Il mestiere di Arlecchino servo di due padroni non è mai roba facile. Soprattutto se uno dei due annuncia di volerti vedere con soli quattro giorni di preavviso. Un grana non da poco per il ministro degli Esteri Luigi Di Maio che solo venerdì ha saputo di dell'arrivo a Roma del suo omologo cinese Wang Yi. Certo nulla d'impegnativo o d'imbarazzante. Almeno nel linguaggio suadente della diplomazia.
La decisione d'iniziare dall'Italia il suo tour europeo è solo una scelta che «dimostra l'importanza dei nostri rapporti», garantisce benevolo Wang Yi. Ma non occorre Macchiavelli per capire quanta acqua sia passata sotto i ponti da quando - un anno e mezzo fa nella medesima cornice di Villa Madama - Wang Yi e l'allora vice premier Di Maio s'incontrarono per la firma del Memorandum d'Intesa sulla Via della Seta. Allora la Cina sembrava pronta a papparsi i nostri porti e a rifilarci per quattro soldi bucati l'assai sospetta tecnologia 5G firmata Huawei. Oggi dopo i prestiti europei e i moniti americani, di porti non si parla quasi più. Huawei deve, invece, far i conti con il rigoroso recinto di garanzia messo a punto dal sottosegretario alla presidenza del Consiglio Giancarlo Giorgetti alla scadenza del suo mandato. Un recinto di garanzia immediatamente approvato, nel nome della fedeltà atlantica, durante il primo Consiglio dei Ministri del governo giallo-rosso.
Così l'Arlecchino Di Maio è costretto a fare i salti mortali ricordando da una parte l'appartenenza alla Nato «più forte che mai» e dall'altro la diplomazia delle mascherine ricevute dalla Cina «nel momento peggiore dell'emergenza». Ma l'Arlecchino messo all'angolo da un Wang Yi deciso a contare amici e nemici europei è chiaramente in difficoltà. E s'arrampica sugli specchi nel tentativo di far capire al cinese che le sue mascherine non possono competere con i miliardi di Bruxelles. E, tantomeno, proteggerci dalle rampogne di Washington. Dunque niente porti e niente Huawei.

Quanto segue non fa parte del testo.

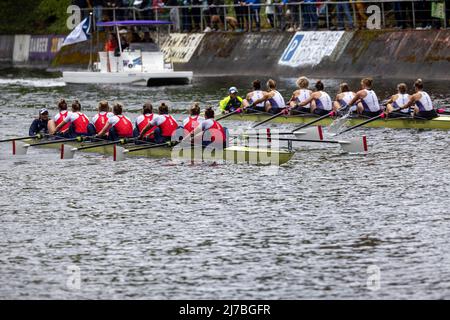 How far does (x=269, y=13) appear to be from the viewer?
5322cm

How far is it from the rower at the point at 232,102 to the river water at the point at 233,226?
5726 mm

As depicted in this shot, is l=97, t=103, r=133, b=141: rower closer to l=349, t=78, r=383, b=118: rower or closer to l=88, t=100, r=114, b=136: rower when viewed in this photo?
l=88, t=100, r=114, b=136: rower

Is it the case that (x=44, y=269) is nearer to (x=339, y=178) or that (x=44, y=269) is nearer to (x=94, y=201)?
(x=94, y=201)

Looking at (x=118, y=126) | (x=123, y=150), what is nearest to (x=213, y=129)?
(x=123, y=150)

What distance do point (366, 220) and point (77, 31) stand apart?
33.2m

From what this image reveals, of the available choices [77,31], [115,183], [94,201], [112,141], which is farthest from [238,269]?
[77,31]

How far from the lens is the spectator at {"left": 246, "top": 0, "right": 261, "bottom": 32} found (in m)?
52.9

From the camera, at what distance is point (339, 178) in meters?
27.4

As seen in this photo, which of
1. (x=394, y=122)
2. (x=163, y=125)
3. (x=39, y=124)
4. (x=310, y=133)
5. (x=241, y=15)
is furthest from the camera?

L'unico servile riconoscimento resta la vergognosa amnesia con cui Di Maio, oltre a balbettare vuote banalità su Hong Kong e diritti umani, evita qualsiasi accenno alle responsabilità cinesi sulla pandemia per disquisire invece di un ipotetico «multilateralismo per il virus» che preveda l'impiego di «risorse comuni per arrivare ad una cura e un vaccino il prima possibile». Parole in libertà, ma indispensabili per giustificare la grande ritirata italiana dalla Via della Seta. Sul fronte economico l'unico appuntamento è infatti la partecipazione italiana al China Import Expò di novembre a Shangai accompagnato da un possibile vertice intergovernativo italo-cinese. Per il resto poche vere novità. La Snam presente in Cina, già da due anni, continuerà la sua collaborazione sui gasdotti e nelle sperimentazioni sull'idrogeno. Ma l'assenza di qualsiasi accenno al cruciale settore delle telecomunicazioni è la prova più evidente delle difficoltà di un Di Maio costretto - durante la fase riservata dell'incontro - a metter le mani avanti sulla partecipazione di Huawei al 5G italiano. L'irritazione a lungo contenuta dall'imperturbabile Wang davanti al recalcitrante Di Maio emerge solo quando l'inviato di Pechino parla degli Usa, ma punta evidentemente a farsi sentire da tutto il governo di Roma. «Qualcuno - sibila il ministro degli Esteri cinese - vuole danneggiare le nostre relazioni con l'Europa, ma noi puntiamo a consolidarle.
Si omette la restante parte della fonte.